Japanese trade envoy Ryosei Akazawa announced that the U.S. has agreed to amend a presidential order concerning tariffs and will refund any excess duties collected. During discussions in Washington with Commerce Secretary Howard Lutnick and Treasury Secretary Scott Bessent, Akazawa confirmed there was no dispute over reciprocal tariffs.
In the new agreement, goods that had been taxed above 15% will now be capped at that rate. Those previously below 15% will face a duty of exactly 15%, which includes existing tariffs. Although Akazawa found the original order lacking, he noted U.S. officials’ regret and their commitment to timely corrections.
Amendment Implementation Timeline
Following the amendment, a new order will put into effect the agreed-upon tariff rates from July. This will include a reduction in U.S. auto tariffs from 27.5% to 15%.
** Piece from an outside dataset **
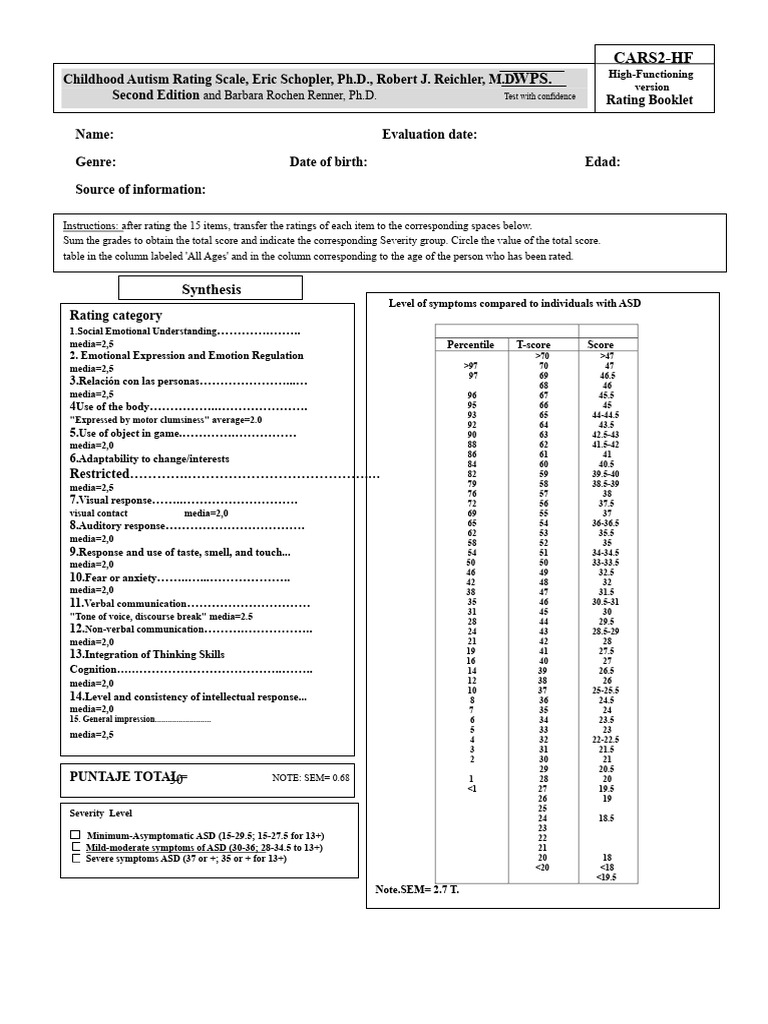 Childhood Autism Rating Scale Guide | PDF | Autism | Communication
With U.S. auto tariffs on Japanese cars being cut nearly in half from 27.5% to 15%, we should anticipate a rally in Japanese automaker stocks. This is a significant margin improvement for companies like Toyota and Honda, making call options on their stocks attractive for the coming weeks. The resolution removes a major point of uncertainty that has weighed on the sector.
The news should provide a tailwind for the Japanese yen as a stronger export outlook improves the country’s trade balance. The USD/JPY pair, which has seen volatility around the 155 level in recent months, may now see downward pressure. Traders could consider shorting USD/JPY futures or buying call options on yen-tracking currency funds.
This agreement removes a key risk, meaning implied volatility on affected assets is set to fall. Before this, implied volatility on major Japanese exporter stocks had ticked up over the past month as traders hedged against a negative outcome. Selling puts or implementing credit spreads on these names could be a way to profit from the expected drop in volatility.
Market Implications and Outlook
Looking at the broader market, this is a clear positive for Japan’s Nikkei 225 index. We saw a similar pattern of market relief and a subsequent rally following the easing of trade tensions back in 2019. This creates a favorable environment for buying call options on broad Japanese market ETFs like EWJ.
The impact is magnified because the U.S. is a critical market, with data from last year showing it accounted for over a third of total vehicle exports for major Japanese manufacturers. The refund of excess duties collected in error also means a direct cash injection for these companies. This reinforces the positive outlook on their near-term earnings potential.